De universiteiten gaan onderzoeken hoe het hun oud-studenten vergaat op de arbeidsmarkt. Zij praten al een paar jaar over zo'n onderzoek, maar afgelopen vrijdag hebben ze besloten dat het nu toch echt gaat gebeuren. In het najaar van 1998 zal voor het eerst een landelijke enquête gehouden worden. Alle afgestudeerden die in het nu lopende studiejaar (1996/97) hun bul halen, zal gevraagd worden of ze een baan hebben, wat de functie-eisen en het niveau van die baan zijn en hoe lang ze ernaar gezocht hebben. De enquête zal elk jaar herhaald worden, onder steeds nieuwe lichtingen afgestudeerden.
De vereniging van universiteiten, de VSNU, praat al jaren over zo'n onderzoek. Het hoger beroepsonderwijs kent zoiets al sinds 1992, de zogeheten HBO-Monitor. De universiteiten waren het er weliswaar over eens dat het lot van hun afgestudeerden op de arbeidsmarkt hun een zorg moet zijn. Maar desondanks konden zij het niet een worden over een `WO-Monitor'.
Een groot struikelblok was dat sommige universiteiten zelf al eigen enquêtes hielden. Zij wilden de vrijheid houden om zelf te beslissen over de opzet daarvan. De VSNU heeft daarom gekozen voor een aanpak waarin de bestaande enquêtes kunnen worden opgenomen. Elke afzonderlijke universiteit kan nu haar enquête in eigen beheer uitvoeren. Ze mag eigen vragen stellen en zelf bepalen door welk bureau ze het onderzoek laat doen. Wel zal elke universiteit in ieder geval een aantal landelijk afgesproken vragen stellen. Daarnaast zet de VSNU een bureau aan het werk om de gegevens landelijk te vergelijken en te analyseren.

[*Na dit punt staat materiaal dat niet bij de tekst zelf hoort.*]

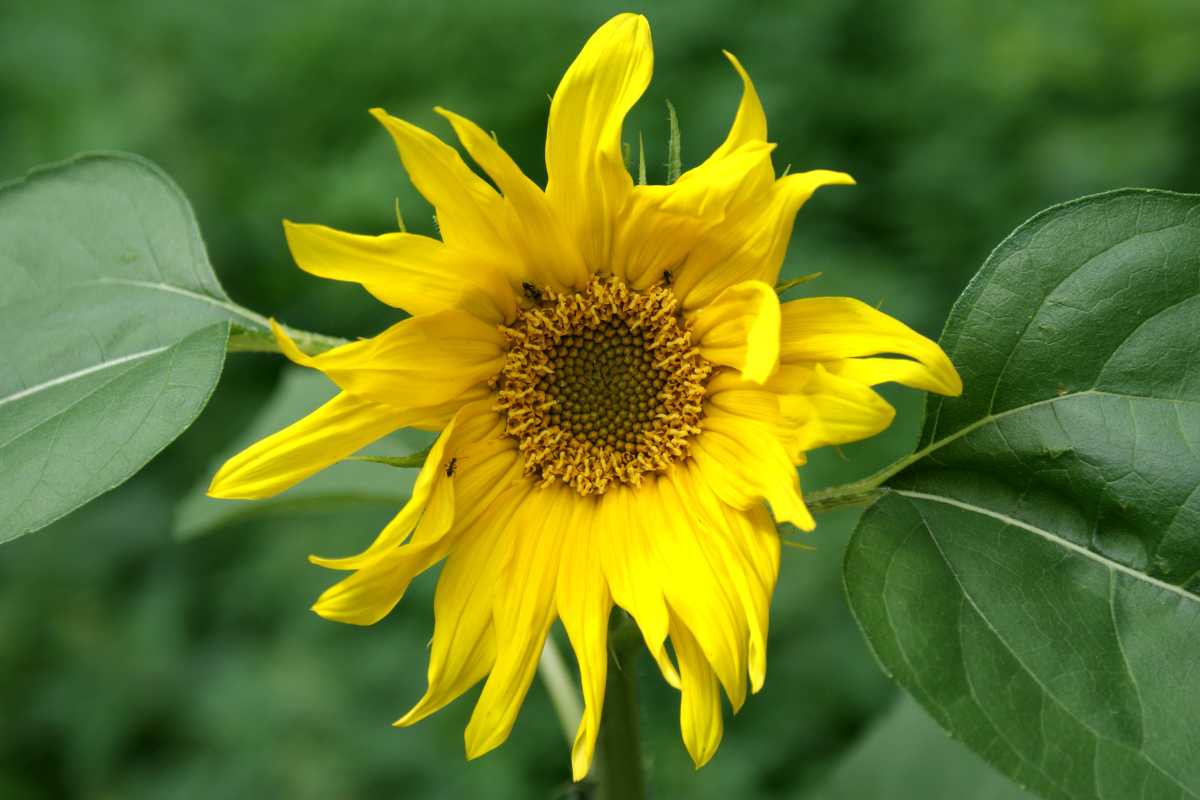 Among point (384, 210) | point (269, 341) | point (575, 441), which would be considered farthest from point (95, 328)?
point (384, 210)

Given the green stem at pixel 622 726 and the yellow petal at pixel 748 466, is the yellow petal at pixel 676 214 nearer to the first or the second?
the yellow petal at pixel 748 466

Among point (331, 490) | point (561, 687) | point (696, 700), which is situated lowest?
point (561, 687)

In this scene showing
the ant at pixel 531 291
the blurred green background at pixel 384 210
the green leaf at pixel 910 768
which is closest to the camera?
the ant at pixel 531 291

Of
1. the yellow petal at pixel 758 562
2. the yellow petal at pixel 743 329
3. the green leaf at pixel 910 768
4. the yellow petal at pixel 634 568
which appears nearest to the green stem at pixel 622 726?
the yellow petal at pixel 634 568

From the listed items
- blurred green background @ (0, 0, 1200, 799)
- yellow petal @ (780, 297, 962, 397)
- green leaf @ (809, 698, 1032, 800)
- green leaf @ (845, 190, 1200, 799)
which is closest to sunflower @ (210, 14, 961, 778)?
yellow petal @ (780, 297, 962, 397)

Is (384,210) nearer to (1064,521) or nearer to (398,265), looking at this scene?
(398,265)

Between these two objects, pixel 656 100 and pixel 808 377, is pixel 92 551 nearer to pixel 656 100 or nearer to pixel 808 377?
pixel 656 100

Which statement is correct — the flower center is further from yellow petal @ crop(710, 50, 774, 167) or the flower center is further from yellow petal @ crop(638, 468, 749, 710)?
yellow petal @ crop(710, 50, 774, 167) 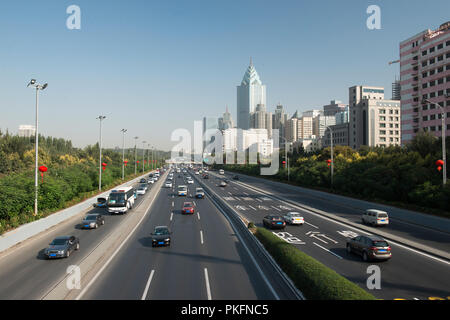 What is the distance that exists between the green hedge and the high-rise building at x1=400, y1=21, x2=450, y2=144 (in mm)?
74022

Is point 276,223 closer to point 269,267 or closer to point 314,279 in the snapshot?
point 269,267

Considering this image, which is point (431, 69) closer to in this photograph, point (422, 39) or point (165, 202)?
→ point (422, 39)

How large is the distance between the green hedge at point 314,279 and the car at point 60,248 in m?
12.7

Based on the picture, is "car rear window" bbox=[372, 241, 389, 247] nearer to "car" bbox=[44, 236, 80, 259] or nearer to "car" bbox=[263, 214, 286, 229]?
"car" bbox=[263, 214, 286, 229]

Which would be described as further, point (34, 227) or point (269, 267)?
point (34, 227)


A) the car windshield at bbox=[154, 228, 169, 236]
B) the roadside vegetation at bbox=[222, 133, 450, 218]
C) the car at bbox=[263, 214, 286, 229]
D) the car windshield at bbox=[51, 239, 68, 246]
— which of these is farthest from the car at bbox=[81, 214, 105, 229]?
the roadside vegetation at bbox=[222, 133, 450, 218]

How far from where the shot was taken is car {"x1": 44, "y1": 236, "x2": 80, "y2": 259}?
18547mm

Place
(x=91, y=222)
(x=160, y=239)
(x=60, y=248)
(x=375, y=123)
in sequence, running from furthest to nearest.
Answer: (x=375, y=123) < (x=91, y=222) < (x=160, y=239) < (x=60, y=248)

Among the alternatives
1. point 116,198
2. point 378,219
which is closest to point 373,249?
point 378,219

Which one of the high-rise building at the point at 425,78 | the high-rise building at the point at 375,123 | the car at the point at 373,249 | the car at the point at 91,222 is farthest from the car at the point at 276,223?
Answer: the high-rise building at the point at 375,123

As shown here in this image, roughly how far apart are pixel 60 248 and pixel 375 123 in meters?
124

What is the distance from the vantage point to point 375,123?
11925 cm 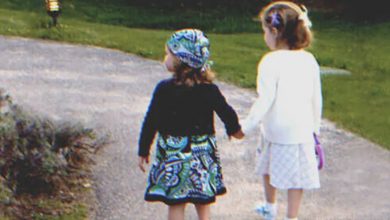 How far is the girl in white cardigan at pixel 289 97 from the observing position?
568cm

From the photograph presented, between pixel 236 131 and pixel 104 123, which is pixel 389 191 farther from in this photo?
pixel 104 123

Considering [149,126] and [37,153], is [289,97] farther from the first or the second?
[37,153]

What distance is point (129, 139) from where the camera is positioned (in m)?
7.84

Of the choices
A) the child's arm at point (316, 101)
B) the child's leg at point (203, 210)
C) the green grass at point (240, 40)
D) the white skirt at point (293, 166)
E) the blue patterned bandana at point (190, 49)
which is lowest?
the green grass at point (240, 40)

Over deze deels centrale, deels decentrale aanpak waren de universiteiten het ruim een jaar geleden in principe al eens. Geruzie over de precieze opzet en de afbakening tussen het landelijke en het decentrale deel leidden echter tot steeds nieuwe vertraging. Afgelopen vrijdag zette het bestuur van de VSNU daar een punt achter, zodat de voorbereidingen nu echt van start kunnen gaan. De WO-Monitor kost de universiteiten zo'n vier ton per jaar. Grofweg de helft daarvan gaat op aan het landelijk deel van het onderzoek.